On the other hand, optimization of the SLT is intuitive and approachable. There are 3 parameter choices involved with implementing the superlet: base cycle number Nc, order O, and the scaling of the set of wavelets (either additive or multiplicative). The base cycle number sets the maximum time-resolution; by reducing Nc the time-resolution is increased. The order of the superlet determines the number of wavelets used to create the resultant spectrogram. The wavelets scale in size either additively {Nc, Nc + 1, Nc + 2…, Nc + O} or multiplicatively {Nc, 2*Nc, …, O*Nc}. Increasing the order of the superlet increases the frequency resolution of the time–frequency representation.
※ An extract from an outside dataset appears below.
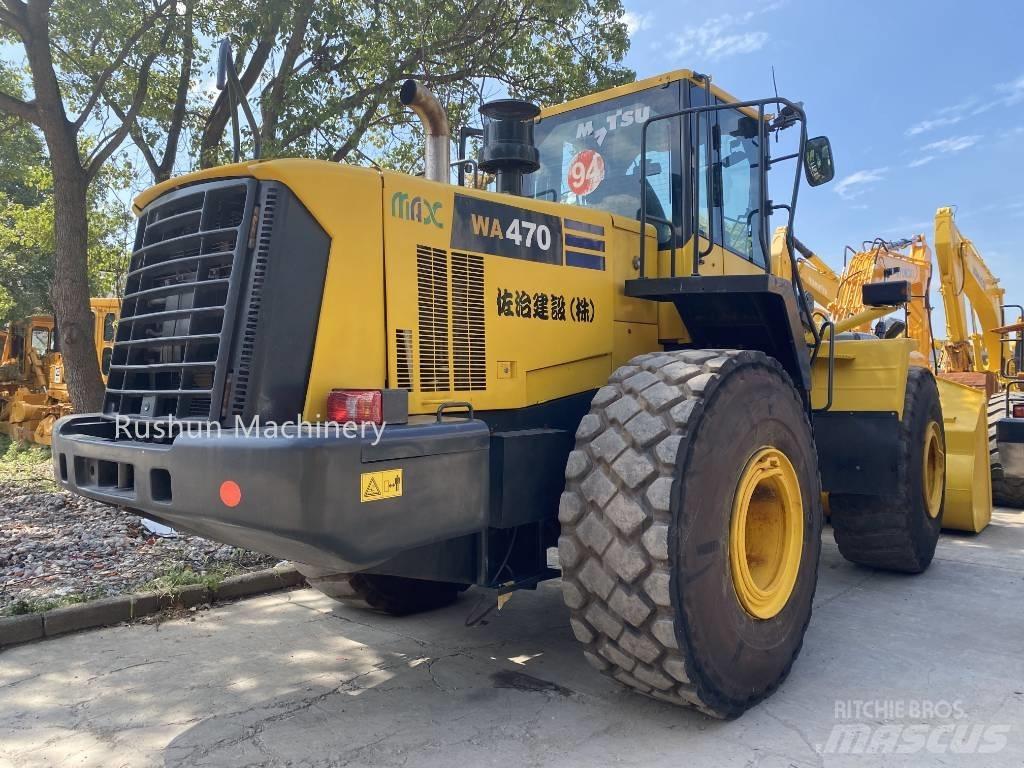 Komatsu WA 470 Kolové nakladače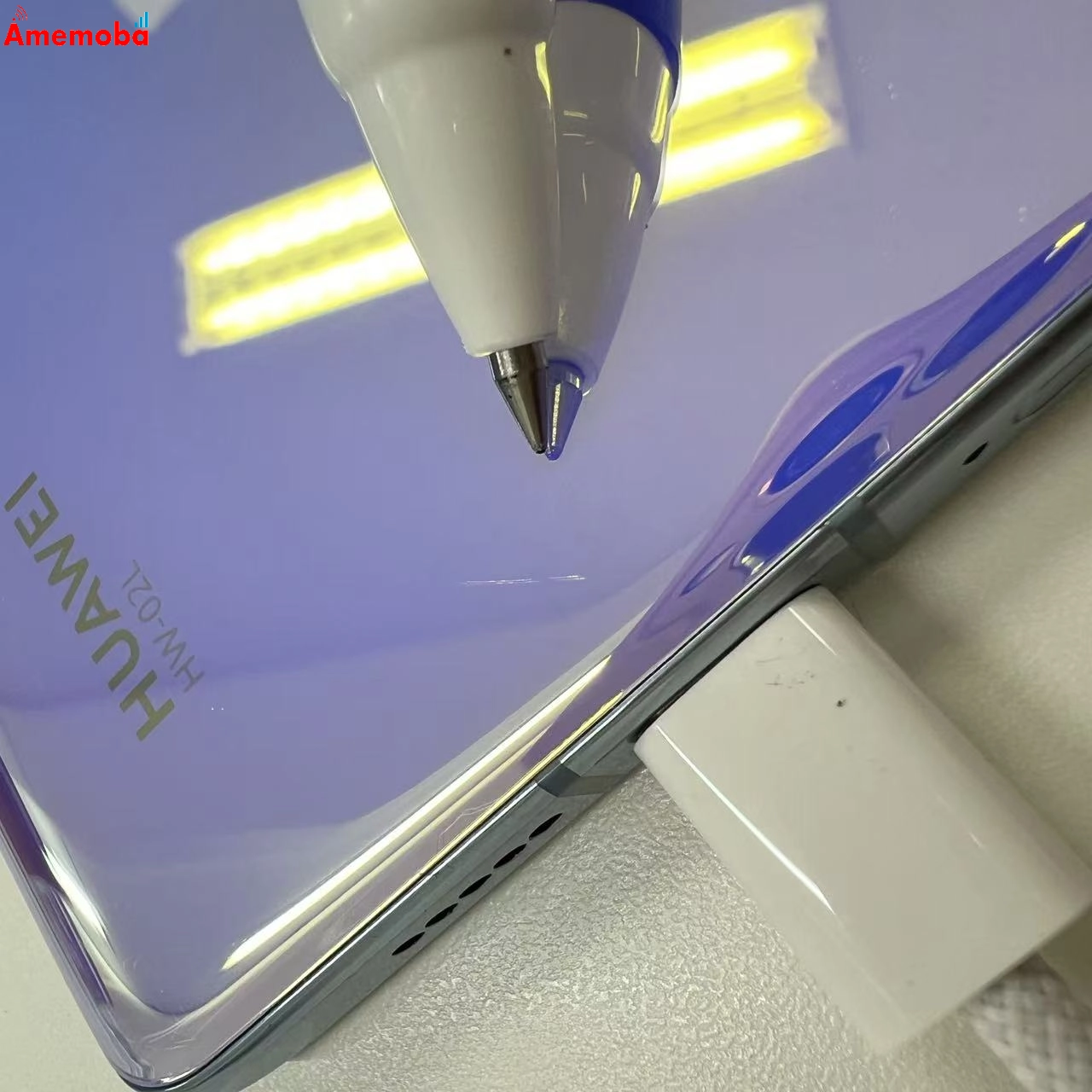 HUAWEI P30 Pro 128GB ブリージング クリスタル HW-02L docomo版SIMフリー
Multiplicative scaling is most useful when attempting to span both high temporal and high frequency resolution where an additive scaling would require the order parameter to be excessively large. The base cycle number used in this study is \({N}_{c}=3\), the order of the superlet is 11, and we used a multiplicative scaling for cycle numbers. This means that our superlet used a set of 11 wavelets with cycle numbers \(\left\{\mathrm{3,6},9,\dots ,33\right\}\). The wavelet transforms were then combined using a geometric mean to produce the SLT.

Other time–frequency representations

We compared two standard transformation methods to the SLT: a Short-Time Fourier Transform (STFT) and a Continuous Wavelet Transform (CWT) using Matlab’s built-in functions (stft() and cwt(), respectively) from the Signal Processing Toolbox and Wavelet Toolbox. The parameters for these control transforms were chosen such that the temporal and frequency uncertainty near 1.8 THz are approximately equal (see SI Fig. 4). The STFT in this paper uses a window length of 6.4 ps and a periodic Hanning window function. The CWT uses a Morse wavelet (Morlet)8 with a time-bandwidth product of 120 and a symmetry parameter of 3, corresponding to a symmetric, unskewed wavelet.
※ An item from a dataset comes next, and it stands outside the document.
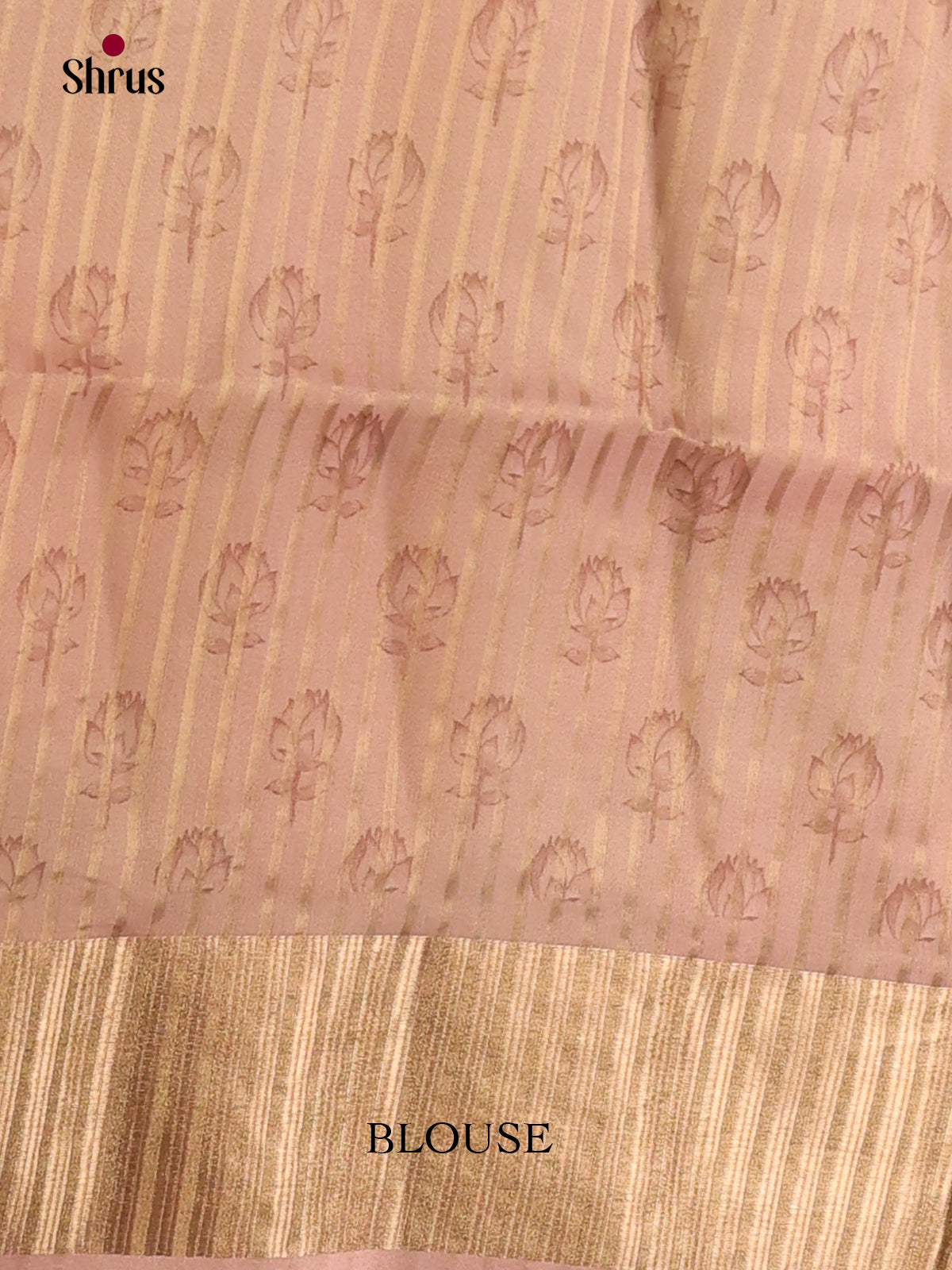 Grey - Semi Organza Saree - Shop on Shrus.com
First-principles vibrational mode simulations

The first-principles calculations were performed on the basis of density functional theory (DFT) as implemented in the Vienna ab initio simulation package (VASP) software32. Bulk 1T-TaSe2 in its CDW state was simulated with a supercell of 78 atoms with √13 × √13 × 2 periodical boundary conditions. The generalized gradient approximation (GGA) proposed by Perdew, Burke, and Ernzerhof (PBE) is used as the exchange–correlation functional33. Ion cores were described by using the projector augmented wave (PAW) method34. A 3 × 3 × 1 k-point grid generated by Monkhorst–Pack was used in geometry relaxation, and the relaxation would only stop when the maximal Hellmann–Feynman force of all atoms was less than 10−3 eV/Å and free energy was less than 10−5 eV. The energy cutoff for the expansion of the plane wave basis was set to be 400 eV. To calculate the phonon vibrational frequencies and eigenvectors at zone center, finite differences were used.